We recently landed https://crrev.com/1161510 and https://crrev.com/1166103, which makes base::StringPiece into a type alias for std::string_view and allows std::string_view. Please feel free to start writing std::string_view instead in new code.


If you need to use operator<< with the u16string or wstring variants, you will need to include "base/strings/utf_ostream_operators.h", or simply include "base/strings/utf_string_conversions.h" and call base::UTF16ToUTF8 and base::WideToUTF8 explicitly. (These operators previously lived in a combination of "base/string_piece.h" and "base/logging.h".)


std::string_view (and types that convert to std::string_view) integrate better with std::string. This should reduce the need to decompose a std::string_view into data() and size(), which loses bounds checks.


Finally, as a reminder, whether it's base::StringPiece or std::string_view, never pass a view type's data() into a function that expects a NUL-terminated C string! StringPiece/string_view is not guaranteed to be NUL-terminated, so this is a buffer overflow. Always use data() and size() in pairs or, better yet, make the functions take a string_view directly.


A handy cheat sheet:


#include "base/string_piece.h" => #include <string_view>

#include "base/string_piece_forward.h" => #include <string_view>


base::StringPiece => std::string_view

base::StringPiece16 => std::u16string_view

base::WStringPiece => std::wstring_view


str.assign(view.data(), view.size()); => str.assign(view); or str = view;

str.append(view.data(), view.size()); => str.append(view); or str += view;


std::string str(view.data(), view.size()); => std::string str(view);

std::string str(view.data()); => Never do this! Use the above instead.

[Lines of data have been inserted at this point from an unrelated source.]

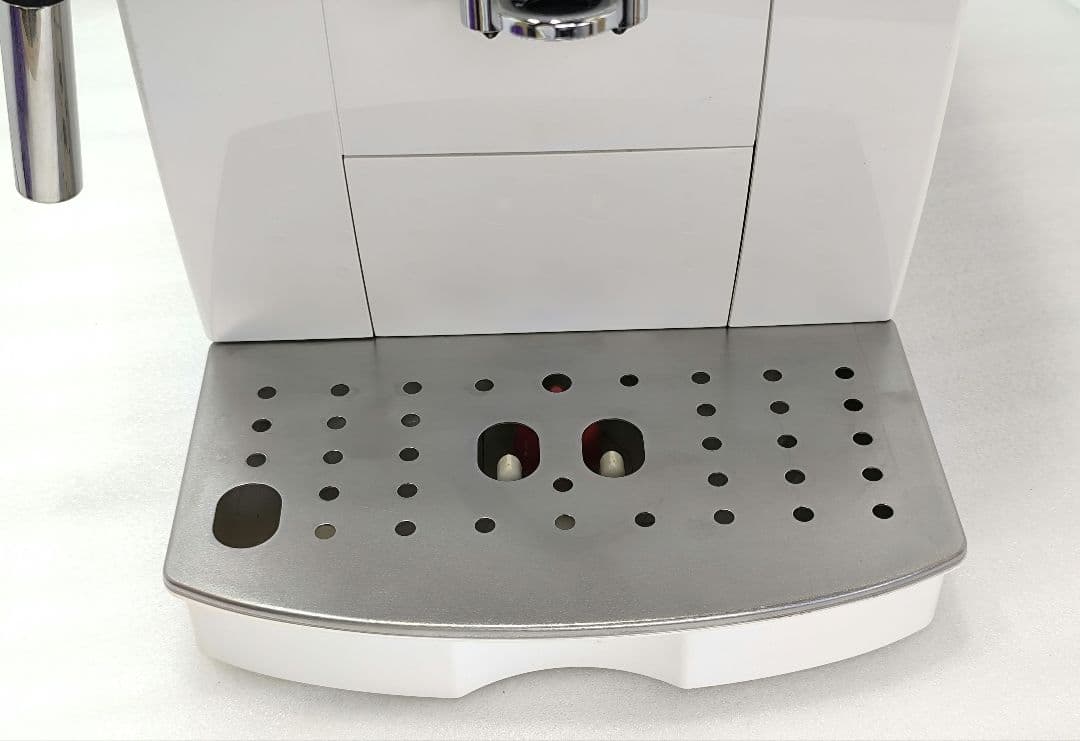 デロンギ　コンパクト全自動コーヒーマシンマグニフィカS ECAM22112W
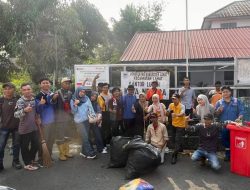 Pertamina Patra Niaga Regional Sumbagsel dan Masyarakat Kota Negara Gotong Royong Kumpulkan 280 Kg Sampah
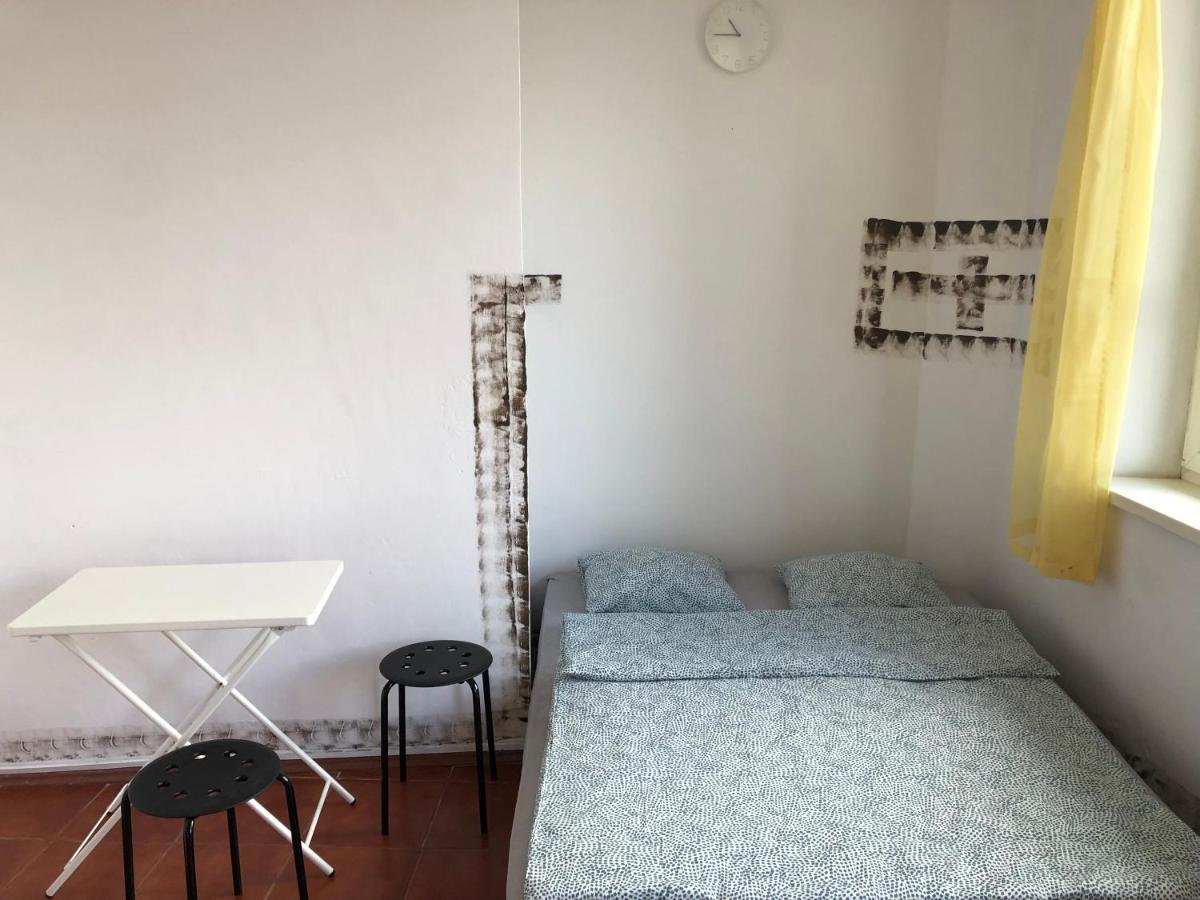 Pokoj 12E Apartment คราคูฟ ภายนอก รูปภาพ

We don't have a concrete plan yet to migrate existing code, but that would be a good clean-up opportunity.


David

Greg Thompson

unread,
Jul 18, 2023, 7:12:36 AM7/18/23
to David Benjamin, Chromium-dev, cxx, Dana Jansens, Daniel Cheng
On Mon, Jul 17, 2023 at 11:12 PM David Benjamin <davi...@chromium.org> wrote:

Hi all,


We recently landed https://crrev.com/1161510 and https://crrev.com/1166103, which makes base::StringPiece into a type alias for std::string_view and allows std::string_view. Please feel free to start writing std::string_view instead in new code.


If you need to use operator<< with the u16string or wstring variants, you will need to include "base/strings/utf_ostream_operators.h", or simply include "base/strings/utf_string_conversions.h" and call base::UTF16ToUTF8 and base::WideToUTF8 explicitly. (These operators previously lived in a combination of "base/string_piece.h" and "base/logging.h".)


std::string_view (and types that convert to std::string_view) integrate better with std::string. This should reduce the need to decompose a std::string_view into data() and size(), which loses bounds checks.


Finally, as a reminder, whether it's base::StringPiece or std::string_view, never pass a view type's data() into a function that expects a NUL-terminated C string!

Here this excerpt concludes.